▶ Problem requirements
Of the lines in the data below, write out exactly those from the one holding "a green side" through the one holding "Tents and possessions", both included.

▶ The records
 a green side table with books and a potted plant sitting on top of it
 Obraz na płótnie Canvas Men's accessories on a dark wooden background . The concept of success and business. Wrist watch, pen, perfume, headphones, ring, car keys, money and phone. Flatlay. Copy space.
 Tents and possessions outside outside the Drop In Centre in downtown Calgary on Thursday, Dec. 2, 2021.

---

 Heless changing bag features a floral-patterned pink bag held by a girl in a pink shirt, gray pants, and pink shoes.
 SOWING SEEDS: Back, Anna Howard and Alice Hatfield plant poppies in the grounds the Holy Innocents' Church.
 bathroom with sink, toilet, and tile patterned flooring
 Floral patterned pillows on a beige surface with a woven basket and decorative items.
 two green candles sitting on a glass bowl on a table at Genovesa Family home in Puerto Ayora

--

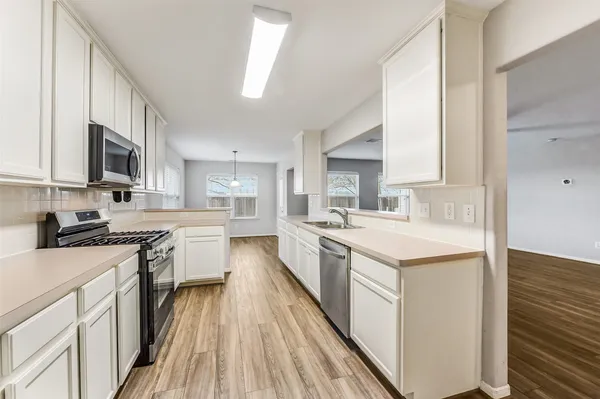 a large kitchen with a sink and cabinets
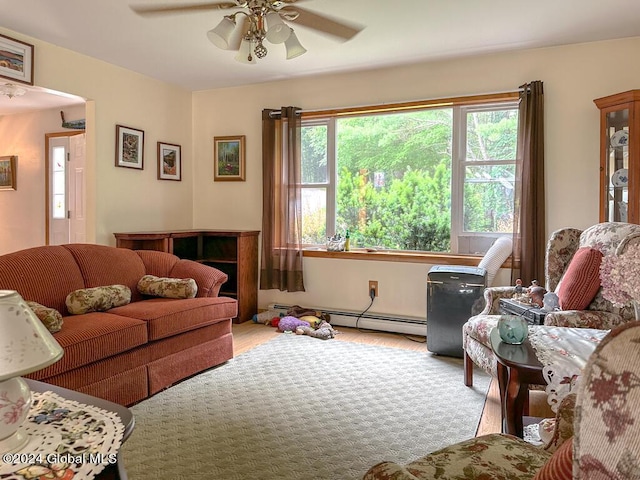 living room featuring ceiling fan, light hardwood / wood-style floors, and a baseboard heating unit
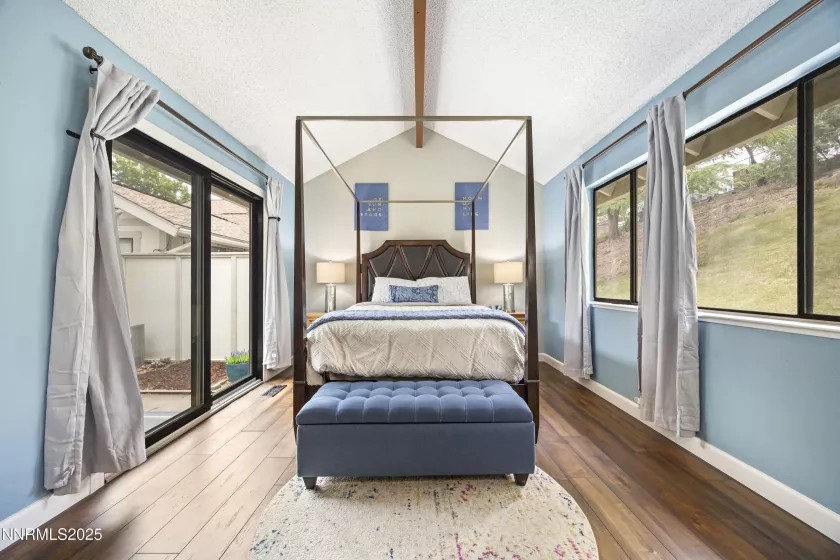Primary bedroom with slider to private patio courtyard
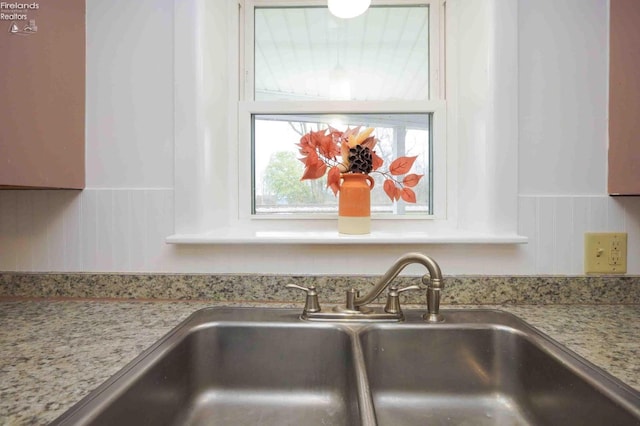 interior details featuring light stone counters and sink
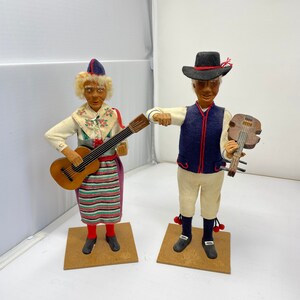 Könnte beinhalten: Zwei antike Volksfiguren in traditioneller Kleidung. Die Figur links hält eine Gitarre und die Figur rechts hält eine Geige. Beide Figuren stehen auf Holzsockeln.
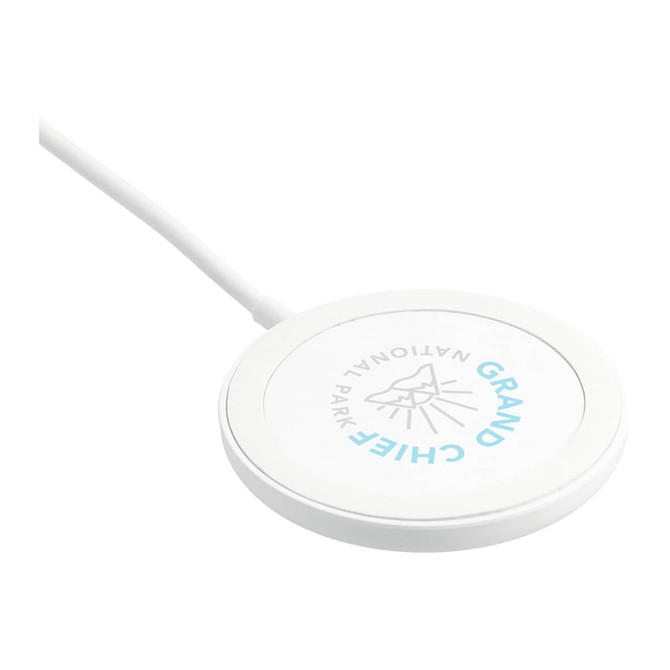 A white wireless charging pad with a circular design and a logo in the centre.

▶ Result
 a green side table with books and a potted plant sitting on top of it
 Obraz na płótnie Canvas Men's accessories on a dark wooden background . The concept of success and business. Wrist watch, pen, perfume, headphones, ring, car keys, money and phone. Flatlay. Copy space.
 Tents and possessions outside outside the Drop In Centre in downtown Calgary on Thursday, Dec. 2, 2021.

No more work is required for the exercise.